這個 S6 的模塊，可以處理離散化過程和正向傳播。

MambaBlock 類是一個定製的神經網絡模塊，被設計爲 Mamba 模型的關鍵構建塊。它封裝了幾個層和操作來處理輸入數據。

包括線性投影、卷積、激活函數、自定義 S6 模塊和殘差連接。該塊是 Mamba 模型的基本組件，負責通過一系列轉換處理輸入序列，以捕獲數據中的相關模式和特徵。這些不同層和操作的組合允許 MambaBlock 有效地處理複雜的序列建模任務。MambaBlock 是 Mamba 核心功能。
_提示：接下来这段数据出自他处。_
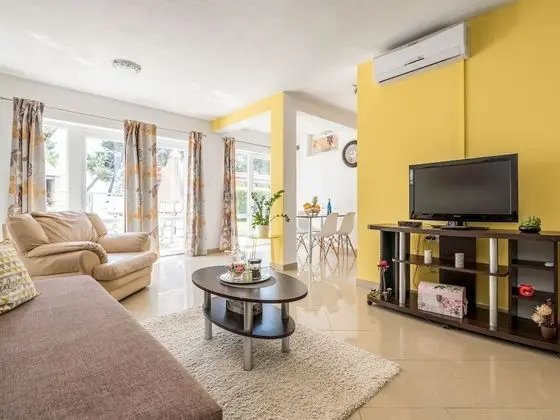 Modern & Freshly Decorated Apartment With Terrace, Near the Beach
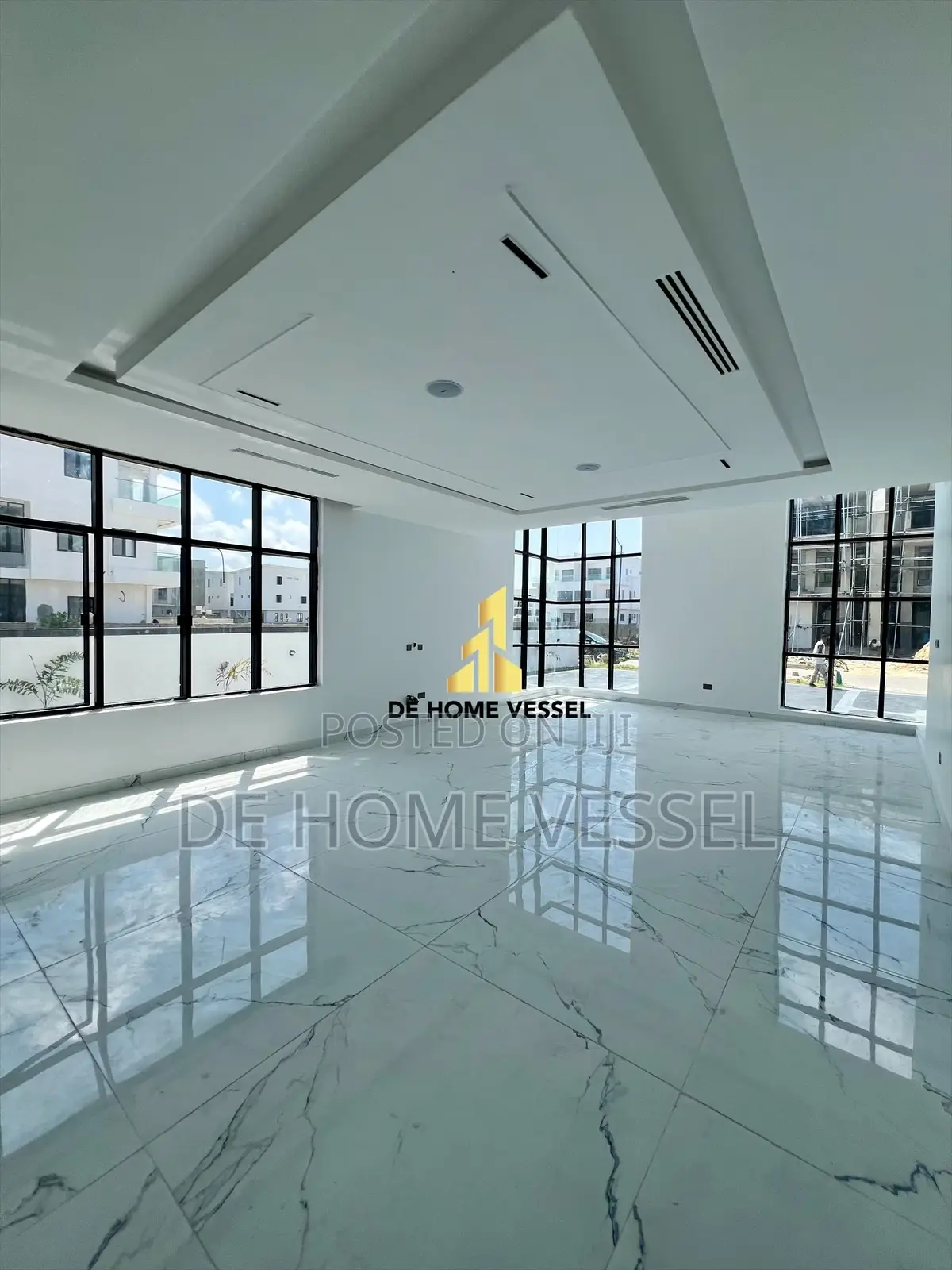 6bdrm Duplex in Ikate for sale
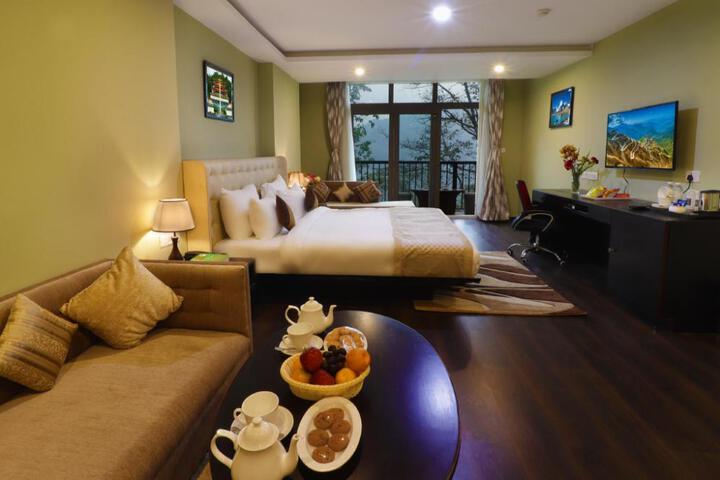 fIVE GANGTOK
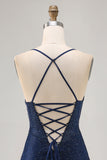 Robe moulante de bal à bretelles spaghetti perlées bleu foncé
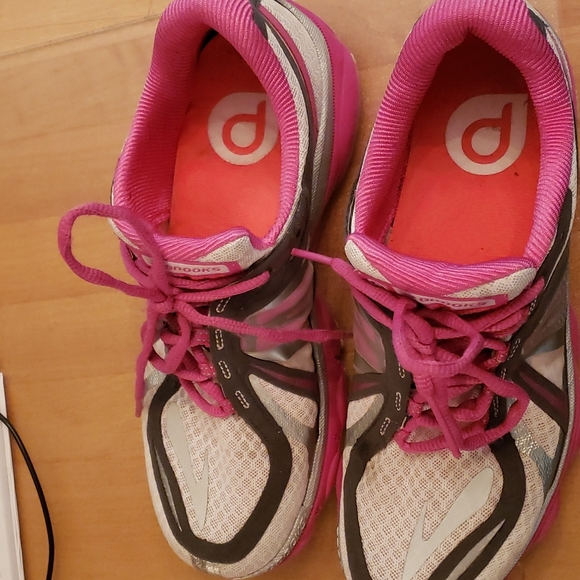 Brooks pure cadence sneakers 9.5 - Picture 2 of 8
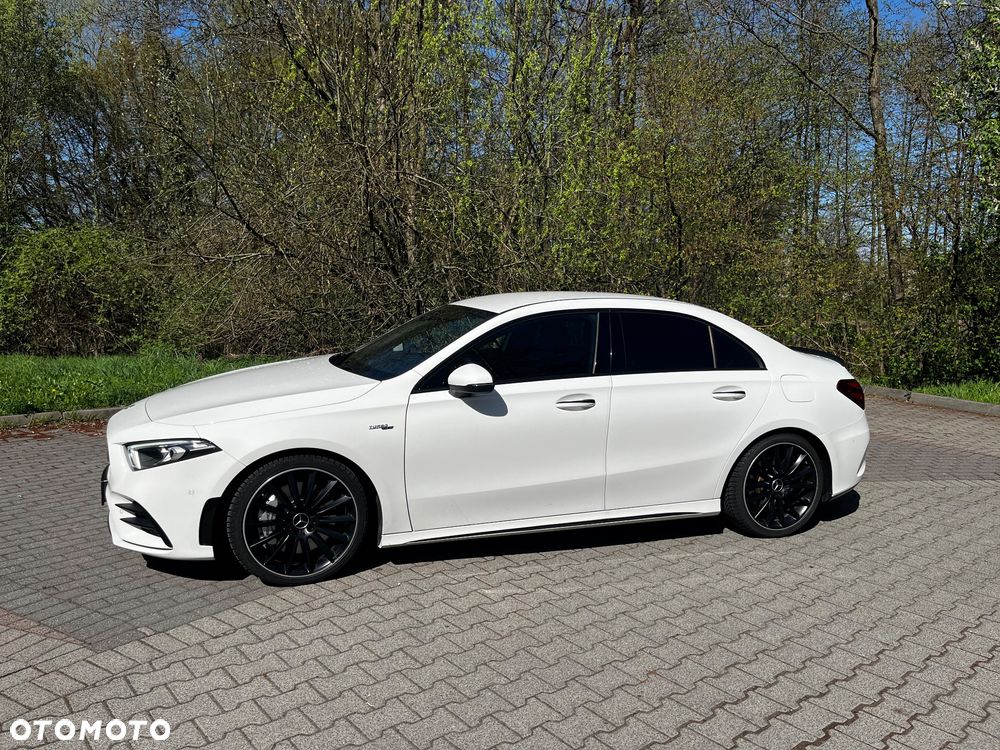 Mercedes-Benz Klasa A 35 AMG 4-Matic 7G-DCT - 2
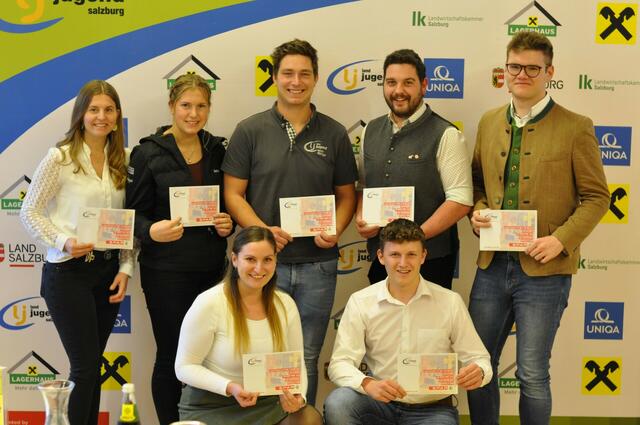Die Landesleitung und die Juroren waren begeistert von den Projekten. Von links: Magdalena Fink (Landesleiterin der Landjugend Salzburg, Landjugend Seekirchen), Anna Steger, Lukas Rittsteiger, Daniel Winkler, Maximilian Aigner, Katharina Hangöbl (Geschäftsführerin der Landjugend Salzburg) und Tobias Kerschhaggl. | Foto: Landjugend Salzburg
 class MambaBlock(nn.Module):
     def __init__(self, seq_len, d_model, state_size, device):
         super(MambaBlock, self).__init__()
 
         self.inp_proj = nn.Linear(d_model, 2*d_model, device=device)
         self.out_proj = nn.Linear(2*d_model, d_model, device=device)
 
         # For residual skip connection
         self.D = nn.Linear(d_model, 2*d_model, device=device)
 
         # Set _no_weight_decay attribute on bias
         self.out_proj.bias._no_weight_decay = True
 
         # Initialize bias to a small constant value
         nn.init.constant_(self.out_proj.bias, 1.0)
 
         self.S6 = S6(seq_len, 2*d_model, state_size, device)
 
         # Add 1D convolution with kernel size 3
         self.conv = nn.Conv1d(seq_len, seq_len, kernel_size=3, padding=1, device=device)
 
         # Add linear layer for conv output
         self.conv_linear = nn.Linear(2*d_model, 2*d_model, device=device)
 
         # rmsnorm
         self.norm = RMSNorm(d_model, device=device)
 
     def forward(self, x):
         """
        x_proj.shape = torch.Size([batch_size, seq_len, 2*d_model])
        x_conv.shape = torch.Size([batch_size, seq_len, 2*d_model])
        x_conv_act.shape = torch.Size([batch_size, seq_len, 2*d_model])
        """
         # Refer to Figure 3 in the MAMBA paper
 
         x = self.norm(x)
 
         x_proj = self.inp_proj(x)
 
         # Add 1D convolution with kernel size 3
         x_conv = self.conv(x_proj)
 
         x_conv_act = F.silu(x_conv)
 
         # Add linear layer for conv output
         x_conv_out = self.conv_linear(x_conv_act)
 
         x_ssm = self.S6(x_conv_out)
         x_act = F.silu(x_ssm)  # Swish activation can be implemented as x * sigmoid(x)
 
         # residual skip connection with nonlinearity introduced by multiplication
         x_residual = F.silu(self.D(x))
 
         x_combined = x_act * x_residual
 
         x_out = self.out_proj(x_combined)
 
         return x_out

Mamba 模型

包括一系列 MambaBlock 模塊。每個塊都順序處理輸入數據，一個塊的輸出作爲下一個塊的輸入。這種順序處理允許模型捕獲輸入數據中的複雜模式和關係，使其對涉及順序建模的任務有效。多個塊的堆疊是深度學習架構中的常見設計，因爲它使模型能夠學習數據的分層表示。

 class Mamba(nn.Module):
     def __init__(self, seq_len, d_model, state_size, device):
         super(Mamba, self).__init__()
         self.mamba_block1 = MambaBlock(seq_len, d_model, state_size, device)
         self.mamba_block2 = MambaBlock(seq_len, d_model, state_size, device)
         self.mamba_block3 = MambaBlock(seq_len, d_model, state_size, device)
 
     def forward(self, x):
         x = self.mamba_block1(x)
         x = self.mamba_block2(x)
         x = self.mamba_block3(x)
         return x

RMSNorm 是一個自定義規範化層，這一層用於規範神經網絡的激活，這可以幫助穩定和加快訓練。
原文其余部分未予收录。